▶ [The data]:
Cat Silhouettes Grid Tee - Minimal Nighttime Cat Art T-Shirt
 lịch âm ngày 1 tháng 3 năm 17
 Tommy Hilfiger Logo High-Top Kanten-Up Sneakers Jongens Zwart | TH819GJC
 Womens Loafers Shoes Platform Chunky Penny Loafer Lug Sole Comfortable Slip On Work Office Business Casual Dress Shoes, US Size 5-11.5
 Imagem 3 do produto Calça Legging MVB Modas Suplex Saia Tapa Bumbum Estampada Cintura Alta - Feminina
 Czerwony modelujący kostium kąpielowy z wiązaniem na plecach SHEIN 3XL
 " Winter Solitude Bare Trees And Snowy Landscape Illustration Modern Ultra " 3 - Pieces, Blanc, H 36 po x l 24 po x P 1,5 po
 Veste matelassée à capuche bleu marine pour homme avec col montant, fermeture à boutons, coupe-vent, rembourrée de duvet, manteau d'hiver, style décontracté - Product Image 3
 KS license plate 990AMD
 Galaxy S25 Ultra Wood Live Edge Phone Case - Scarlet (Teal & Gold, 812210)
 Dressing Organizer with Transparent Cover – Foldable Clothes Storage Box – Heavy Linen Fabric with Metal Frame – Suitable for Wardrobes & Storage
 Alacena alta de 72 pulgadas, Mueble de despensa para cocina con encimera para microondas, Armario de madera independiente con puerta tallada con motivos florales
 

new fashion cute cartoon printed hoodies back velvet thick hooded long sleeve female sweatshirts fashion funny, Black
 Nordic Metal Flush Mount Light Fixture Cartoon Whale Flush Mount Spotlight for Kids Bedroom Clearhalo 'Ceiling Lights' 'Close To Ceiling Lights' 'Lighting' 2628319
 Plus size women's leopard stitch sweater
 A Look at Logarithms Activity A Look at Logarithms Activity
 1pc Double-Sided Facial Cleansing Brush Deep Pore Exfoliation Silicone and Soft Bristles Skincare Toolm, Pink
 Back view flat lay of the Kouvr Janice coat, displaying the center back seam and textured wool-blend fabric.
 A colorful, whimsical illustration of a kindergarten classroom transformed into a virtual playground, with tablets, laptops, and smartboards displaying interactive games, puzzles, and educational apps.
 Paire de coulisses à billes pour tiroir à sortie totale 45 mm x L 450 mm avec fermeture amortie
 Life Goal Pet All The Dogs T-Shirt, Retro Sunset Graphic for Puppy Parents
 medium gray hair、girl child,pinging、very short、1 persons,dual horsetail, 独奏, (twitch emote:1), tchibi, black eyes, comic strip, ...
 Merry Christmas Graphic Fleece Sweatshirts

▶ [Work required]:
All of the data must be returned exactly.

▶ [Output of the task]:
Cat Silhouettes Grid Tee - Minimal Nighttime Cat Art T-Shirt
 lịch âm ngày 1 tháng 3 năm 17
 Tommy Hilfiger Logo High-Top Kanten-Up Sneakers Jongens Zwart | TH819GJC
 Womens Loafers Shoes Platform Chunky Penny Loafer Lug Sole Comfortable Slip On Work Office Business Casual Dress Shoes, US Size 5-11.5
 Imagem 3 do produto Calça Legging MVB Modas Suplex Saia Tapa Bumbum Estampada Cintura Alta - Feminina
 Czerwony modelujący kostium kąpielowy z wiązaniem na plecach SHEIN 3XL
 " Winter Solitude Bare Trees And Snowy Landscape Illustration Modern Ultra " 3 - Pieces, Blanc, H 36 po x l 24 po x P 1,5 po
 Veste matelassée à capuche bleu marine pour homme avec col montant, fermeture à boutons, coupe-vent, rembourrée de duvet, manteau d'hiver, style décontracté - Product Image 3
 KS license plate 990AMD
 Galaxy S25 Ultra Wood Live Edge Phone Case - Scarlet (Teal & Gold, 812210)
 Dressing Organizer with Transparent Cover – Foldable Clothes Storage Box – Heavy Linen Fabric with Metal Frame – Suitable for Wardrobes & Storage
 Alacena alta de 72 pulgadas, Mueble de despensa para cocina con encimera para microondas, Armario de madera independiente con puerta tallada con motivos florales
 

new fashion cute cartoon printed hoodies back velvet thick hooded long sleeve female sweatshirts fashion funny, Black
 Nordic Metal Flush Mount Light Fixture Cartoon Whale Flush Mount Spotlight for Kids Bedroom Clearhalo 'Ceiling Lights' 'Close To Ceiling Lights' 'Lighting' 2628319
 Plus size women's leopard stitch sweater
 A Look at Logarithms Activity A Look at Logarithms Activity
 1pc Double-Sided Facial Cleansing Brush Deep Pore Exfoliation Silicone and Soft Bristles Skincare Toolm, Pink
 Back view flat lay of the Kouvr Janice coat, displaying the center back seam and textured wool-blend fabric.
 A colorful, whimsical illustration of a kindergarten classroom transformed into a virtual playground, with tablets, laptops, and smartboards displaying interactive games, puzzles, and educational apps.
 Paire de coulisses à billes pour tiroir à sortie totale 45 mm x L 450 mm avec fermeture amortie
 Life Goal Pet All The Dogs T-Shirt, Retro Sunset Graphic for Puppy Parents
 medium gray hair、girl child,pinging、very short、1 persons,dual horsetail, 独奏, (twitch emote:1), tchibi, black eyes, comic strip, ...
 Merry Christmas Graphic Fleece Sweatshirts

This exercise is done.